Friday, 29 June 2012

How do motion sensing lights and burglar alarms work?

T­here are many different ways to create a motion sensor. For example:
  • It is common for stores to have a beam of light crossing the room near the door, and a photosensor on the other side of the ­room. When a customer breaks the beam, the photosensor detects the change in the amount of light and rings a bell.
  • Many grocery stores have automatic door openers that use a very simple form of radar to detect when someone passes near the door. The box above the door sends out a burst of microwave radio energy and waits for the reflected energy to bounce back. When a person moves into the field of microwave energy, it changes the amount of reflected energy or the time it takes for the reflection to arrive, and the box opens the door. Since these devices use radar, they often set off radar detectors.
  • The same thing can be done with ultrasonic sound waves, bouncing them off a target and waiting for the echo.

All of these are active sensors. They inject energy (light, microwaves or sound) into the environment in order to detect a change of some sort.
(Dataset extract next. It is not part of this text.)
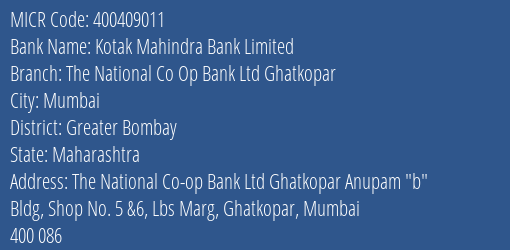 The National Co Op Bank Ltd Ghatkopar MICR Code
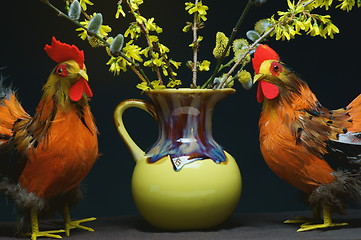 Image showing chickens with vase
The "motion sensing" feature on most lights (and security systems) is a passive system that detects infrared energy. These sensors are therefore known as PIR (passive infrared) detectors or pyroelectric sensors. In order to make a sensor that can detect a human being, you need to make the sensor sensitive to the temperature of a human body. Humans, having a skin temperature of about 93 degrees F, radiate infrared energy with a wavelength between 9 and 10 micrometers. Therefore, the sensors are typically sensitive in the range of 8 to 12 micrometers.

The devices themselves are simple electronic components not unlike a photosensor. The infrared light bumps electrons off a substrate, and these electrons can be detected and amplified into a signal.

You have probably noticed that your light is sensitive to motion, but not to a person who is standing still. That's because the electronics package attached to the sensor is looking for a fairly rapid change in the amount of infrared energy it is seeing. When a person walks by, the amount of infrared energy in the field of view changes rapidly and is easily detected. You do not want the sensor detecting slower changes, like the sidewalk cooling off at night.

Your motion sensing light has a wide field of view because of the lens covering the sensor. Infrared energy is a form of light, so you can focus and bend it with plastic lenses. But it's not like there is a 2-D array of sensors in there. There is a single (or sometimes two) sensors inside looking for changes in infrared energy.

­ If you have a burglar alarm with motion sensors, you may have noticed that the motion sensors cannot "see" you when you are outside looking through a window. That is because glass is not very transparent to infrared energy. This, by the way, is the basis of a greenhouse. Light passes through the glass into the greenhouse and heats things up inside the greenhouse. The glass is then opaque to the infrared energy these heated things are emitting, so the heat is trapped inside the greenhouse. It makes sense that a motion detector sensitive to infrared energy cannot see through glass windows.